A Review and a Half? What Does That Even MEAN?
I’ve spent the last couple of weeks reading the last two books in Kelley Armstrong’s Otherworld Series. Since I’ve been gone a bit, I’m going to give you a review and a half. For the half, I am going to suggest that you read the series. Ms. Armstrong has a unique vision of the supernatural, and an enjoyable writing style. As there are thirteen novels in the series, and I’m actually intending to give you a full dose of my Irreverent thoughts on another subject, I’m not going to summarize the individual stories. However, you’ll meet beings familiar and unfamiliar, and discover a mythology different from any you may have read previously. These are serious books, not particularly lighthearted, and they manage to mention adult issues without focusing on them, or causing yours truly to roll her eyes. That puts Ms. Armstrong head and shoulders above others writing in the genre. I enjoy her, and I think you will, too.

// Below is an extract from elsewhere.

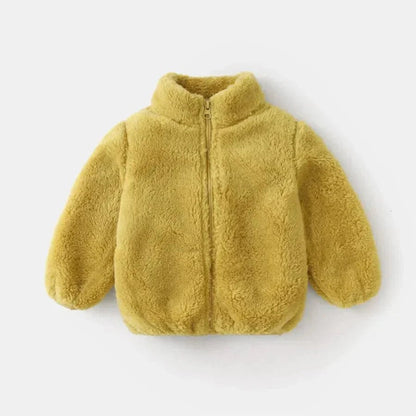 Warme Fleece Peuterjas Met Rits - KidsKorner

Dystopia, despite being a scary place, is more familiar place to most humans than Utopia. The Matrix theorized that people would not accept Utopia as real. Don’t worry, I’m not about to talk about The Matrix. My point is simply that I accepted that idea rather easily. I tend to worry when things are going too well, waiting for the BOOM of disaster. With the preponderance and popularity of dystopian fiction, I suspect I am not alone. Most dystopian fiction is irreverent by its nature. We are taught from childhood that most people are basically decent, and for Dystopia to arise, they must not be. I’m a pessimist, but even if you happen to be an optimist, how many times are you actually shocked by the horrors going on around you? Disgusted, yes, but surprised? Not often. From my youthful readings of Anthem, and Fahrenheit 451, I have explored this genre most of my life. You’ve probably read a few dystopian novels yourself, if you enjoy the irreverent.
I recently discovered Wool, by Hugh Howey. I have only been lucky enough to read the first story in this series. I think when you are knocked off your feet by art, you should probably remember what led you to the spot, but I honestly don’t. Maybe I ran across a review, maybe it was suggested to me by Amazon, but whatever the agency, I’m grateful.
According to the blurb: “Thousands of them have lived underground. They’ve lived there so long, there are only legends about people living anywhere else. Such a life requires rules. Strict rules. There are things that must not be discussed. Like going outside. Never mention you might like going outside.
Or you’ll get what you wish for. “
I was very simply blown away by this piece. While the modern world of publishing may make the definition of length—short story vs. novella—increasingly irrelevant, 58 pages is a short work. I make this point to say that the density of the work surpasses many novels. Howey’s world simply closes in around you, a fully realized dystopian society. The people, and their desperation, are palpably real. Modern authors sometimes sacrifice detail from their word pictures in the interest of cutting the work to the bone, as the fashion is. They should take lessons from Howey. Not a word is wasted, but vivid imagery and characterization take shape nonetheless. The story hits like a punch in the gut. There are six more of them so far, and I can’t wait to read them. On the Imaqulotta Scale, I consider Wool to be Heavenly.